TUAL | Lintas-Pulau.com : Wali Kota Tual, Akhmad Yani Renuat, mengungkapkan alasan belum ditetapkannya Sekretaris Daerah (Sekda) definitif di lingkungan Pemerintah Kota Tual.
Hal itu diungkapkan Renuat saat pelantikan Penjabat (Pj) Sekda Kota Tual, Ridwan. A. Fadirubun di Gedung Aula Balai Kota setempat kamis, (2/4/2026).
Menurutnya, kebijakan belum menetapkan Sekda definitif merupakan bagian dari strategi untuk memastikan figur yang dipilih benar-benar memiliki kapasitas, inovasi, dan kemampuan menyelesaikan persoalan daerah secara nyata.
“Penentuan Sekda tidak hanya berdasarkan hasil tes atau angka-angka seperti psikotes. Yang terpenting adalah bagaimana kemampuan nyata di lapangan dalam menjawab berbagai persoalan pemerintahan,” tegasnya.

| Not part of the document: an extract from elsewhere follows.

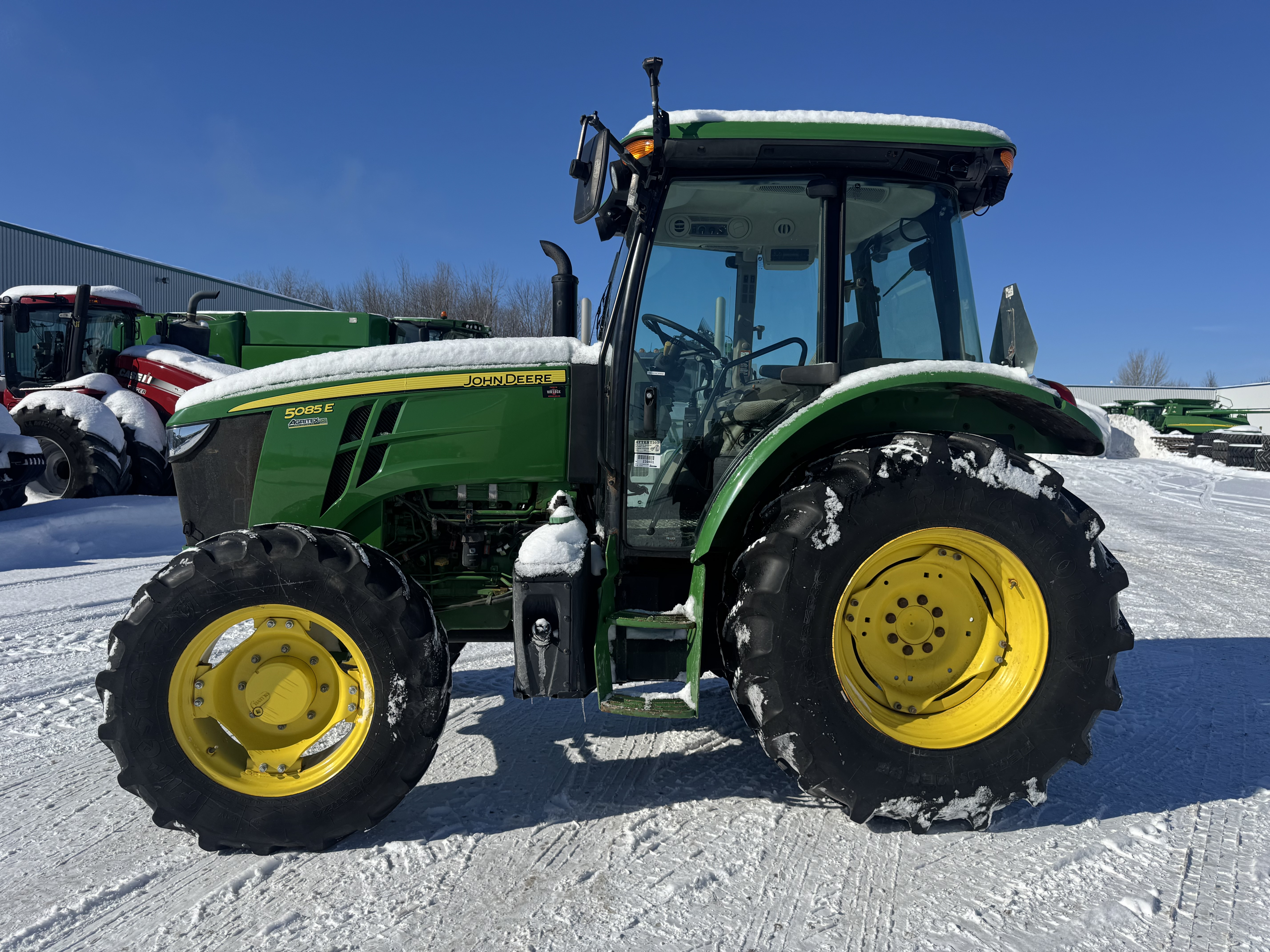 John Deere 5085E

Ia menjelaskan, pergantian Penjabat Sekda yang telah dilakukan beberapa kali merupakan bagian dari proses evaluasi langsung terhadap kinerja pejabat.
Melalui mekanisme tersebut, pemerintah dapat menilai secara objektif kemampuan, responsivitas, dan kepemimpinan kandidat.
“Ini adalah instrumen untuk melihat langsung bagaimana aksi dan kinerja di lapangan. Bukan sekadar menjawab soal di atas kertas, tetapi bagaimana menyelesaikan masalah nyata di tengah dinamika lokal dan tantangan global,” ujarnya.
Wali Kota juga menekankan pentingnya karakter proaktif bagi seorang Sekda. Menurutnya, pejabat tidak hanya bekerja setelah diperintah, tetapi harus mampu membaca situasi dan bertindak lebih cepat.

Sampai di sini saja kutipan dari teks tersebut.